And I myself was a product of that post-war generation, which, in response to the rubble left behind by our parents, turned our backs on politics. Then, when I moved to London, I was suddenly confronted with Germany’s past and was forced to think about the historical context.

As a teacher myself, I wanted to introduce my students to the history of design ideas. Then I discovered that subjects such as the History of Art or the History of Design were not taught at the Bauhaus or in Ulm.

Both institutions were uninterested in history because they regarded themselves as the end of history and regarded the past as a burden to be discarded. They could not imagine that they would only represent a single episode in the history of culture. In fact, their attitude was tantamount to ideological arrogance.

(4) The pioneers after 1945

In the immediate post-war period, design was largely influenced by the pioneers of the 1920s who had trained at the Bauhaus, who were associated with it or were advocates of its approach to design. They gradually grew into their roles as teachers and fought for professional recognition.

It was a period when a commission to design an egg cup was of great significance. Glass, china and lamps dominated magazines and books. These were objects of every-day life which could be manufactured and sold without needing great investment and which were among the key tasks entrusted to designers. Today we call these products Geschmacksgüter, products which are fashion-led and whose success is highly dependent upon subjective tastes. It was in this area that designers, or Formgestalter as they called themselves at that time, primarily worked.

Looking back at his work at the Bauhaus, Wilhelm Wagenfeld, a leading pioneer of the immediate post-war period wrote in 1938: “My final task at the metal workshop of the Bauhaus was to create a tea service based on cylindrical forms, with handles which looked like the grips on tram doors.
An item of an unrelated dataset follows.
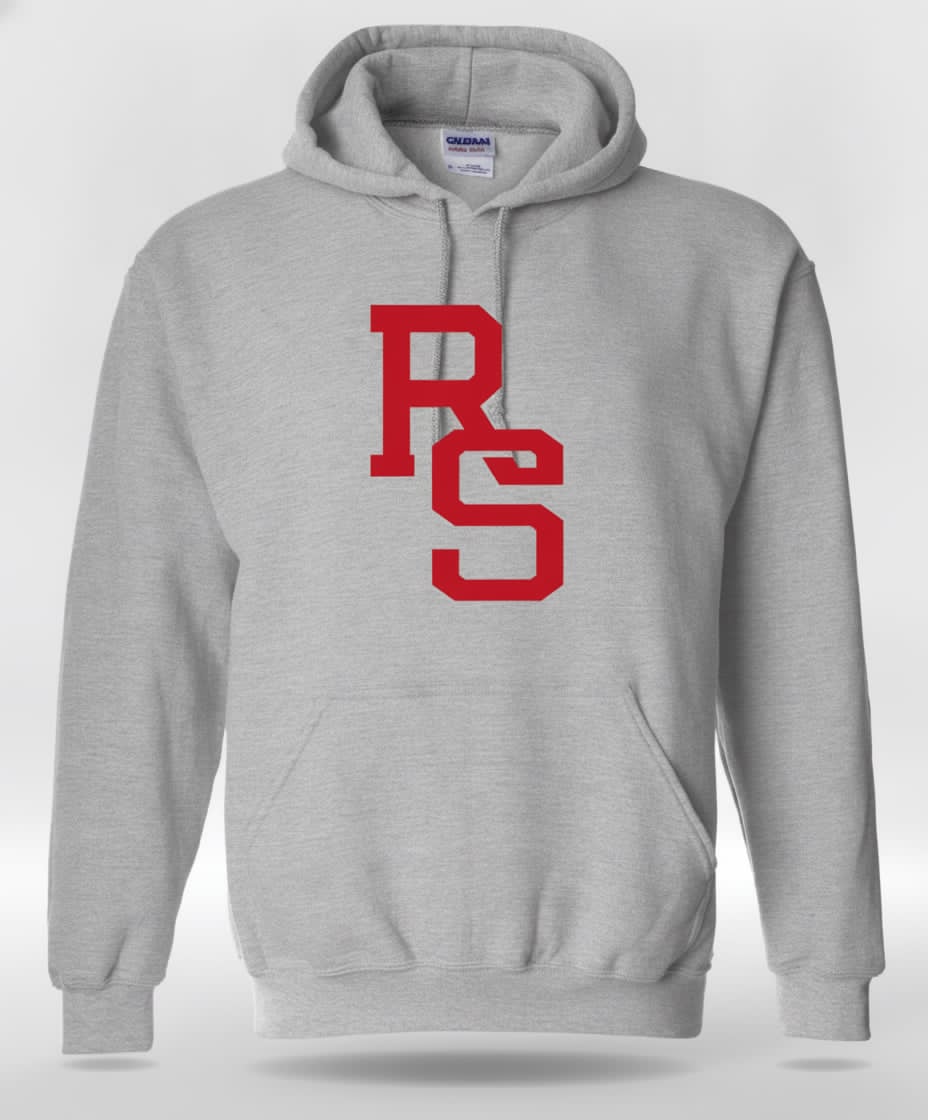 Hoodie Carouges RS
In accordance with theoretical principles, the handles were off-set and the spouts very rigid in shape.
Once the service was finished, I knew that it represented, at best, the embodiment of theoretical aims. I think that all of us in Weimar came up against the same thing, we were all too serious and too wrapped up in our work”. (Katalog „Schöne Form – Gute Ware“, Wilhelm Wagenfeld zum 80. Geburtstag, Württembergisches Landesmuseum, Stuttgart 1980)

It is worth quoting a remark made by Bruno Maderna in 1996, a contemporary composer, on Arnold Schönberg’s 12 Tone Music of the 1920s: “The older I get the more I hate dogmatism, the strict adherence to theories, to rules and regulations”.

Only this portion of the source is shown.